1)フリー・サープラスは保有契約に割り当てられた資産の市場価値であり、保有契約を維持するために必要となる資産の市場価値ではない。

2)必要資本 必要資本は株主への配当が制限され、保有契約負債の維持に必要とされる額を超えて保有契約に属する資産の市場価値である。

3)保有契約価値 保有契約価値は、確実性等価将来利益現価から、オプションと保証の時間価値、必要資本維持のための費用、非フィナンシャル・リスクに係る費用を控除することにより算出する。

オプションと保証の時間価値

オプションと保証の時間価値(Time Value of Financial Options and Guarantees)

市場で取引されているオプション価格と整合的な前提に基づく確率論的手法を用いて計算されたオプションと保証の価値から、確実性等価利益現価に含まれるオプションと保証の価値を控除して求められる。

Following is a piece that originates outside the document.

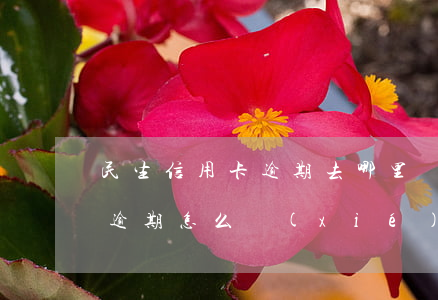 民生信用卡逾期去哪里協(xié)商(民生逾期怎么協(xié)商)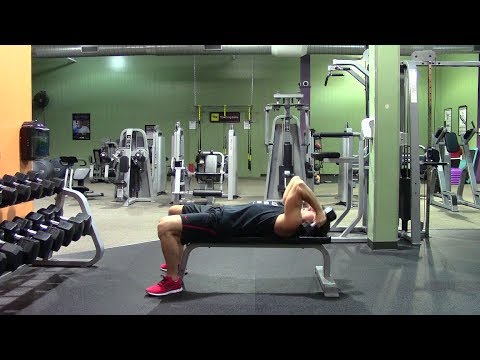 Effective Beginner Arm Workout in the Gym – HASfit Easy Arm Workouts – Easy Arms Exercises Beginners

具体的には、有配当契約の動的配当、変額商品の最低保証、予定利率変動型商品の予定利率最低保証、動的解約などのオプションおよび保証を計算対象とする。

必要資本維持のための費用

必要資本維持のための費用(Cost of Holding the Required Capital)

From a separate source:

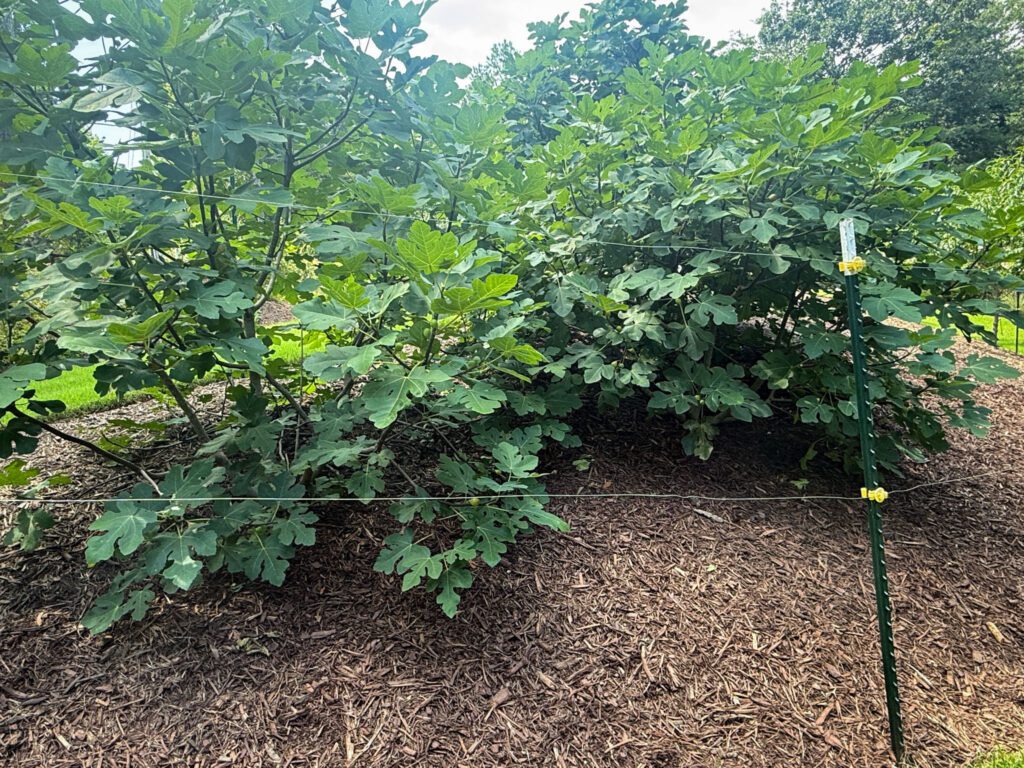 Celeste figs landscape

保険会社では健全性維持のために負債の額を超えて必要資本を保有する必要がある。この必要資本に係る運用収益に対する税金と、必要資本に係る資産運用費用を合わせて必要資本維持のための費用とする。

非フィナンシャル・リスクに係る費用

非フィナンシャル・リスクに係る費用

EEV原則では、事業が抱える全てのリスクを勘案してEVを算出することと定められているため、ベスト・エスティメイト前提による保有契約価値やオプションと保証の時間価値に反映されないリスクに係る費用を、このような項目で特別に認識する必要がある。一般的には、死亡率の変動リスクや金利上昇時の選択的解約などのリスクは非フィナンシャル・リスクではあるが、ベスト・エスティメイト前提を適切に設定することによって追加的な費用調整は不要であると考えられている。非フィナンシャル・リスクに係る費用として認識する必要があるリスクとしては、オペレーショナル・リスクが挙げられる。

MCEV (市場整合的エンベディッド・バリュー)

MCEV(Market Consistent Embedded Value:市場整合的エンベディッド・バリュー)

2008年6月に欧州主要保険会社のCFOフォーラムによって、生命保険会社の企業価値評価を市場と整合的に行うことや会社間の比較を容易にすることなどを目的としてMCEV原則が制定された。

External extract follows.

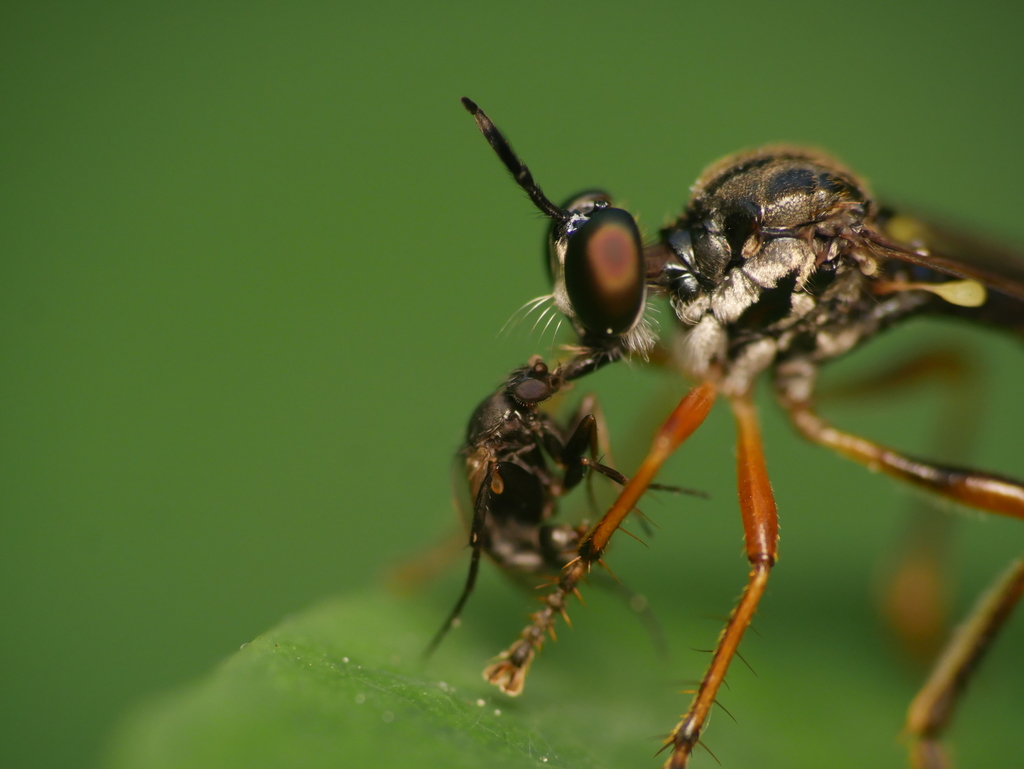 Stripe-legged Robberfly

MCEV原則によるEV算定手法は、よりリスクを反映した手法であり、個々の保険種類ごとにリスクをとらえ、市場取引されている商品価格と整合性を保つよう工夫されている。原則の中の定義によればMCEVは「対象事業における総リスクを十分に認識した上で、対象事業に割り当てられた資産から得られる分配可能利益の中の株主分の現在価値」であり、リスク測定やパラメータ推定においてはインプライド・ボラティリティを用いるなど、基準日時点における市場価格にカリブレートすることが求められる。MCEVは、対象事業に割り当てられたフリー・サープラス、必要資本、保有契約価値の3項目から構成される。

1)フリー・サープラス フリー・サープラスは保有契約に割り当てられた資産の市場価値であり、保有契約を維持するために必要となる資産の市場価値ではない。

2)必要資本 必要資本は株主への配当が制限され、保有契約負債の維持に必要とされる額を超えて保有契約に属する資産の市場価値である。

3)保有契約価値 保有契約価値は、確実性等価将来利益現価、TVFOG、フリクショナル・コスト、ヘッジ不能リスクに係る費用の4項目から構成され、確実性等価将来利益現価から他3項目を差し引いた額として算出される。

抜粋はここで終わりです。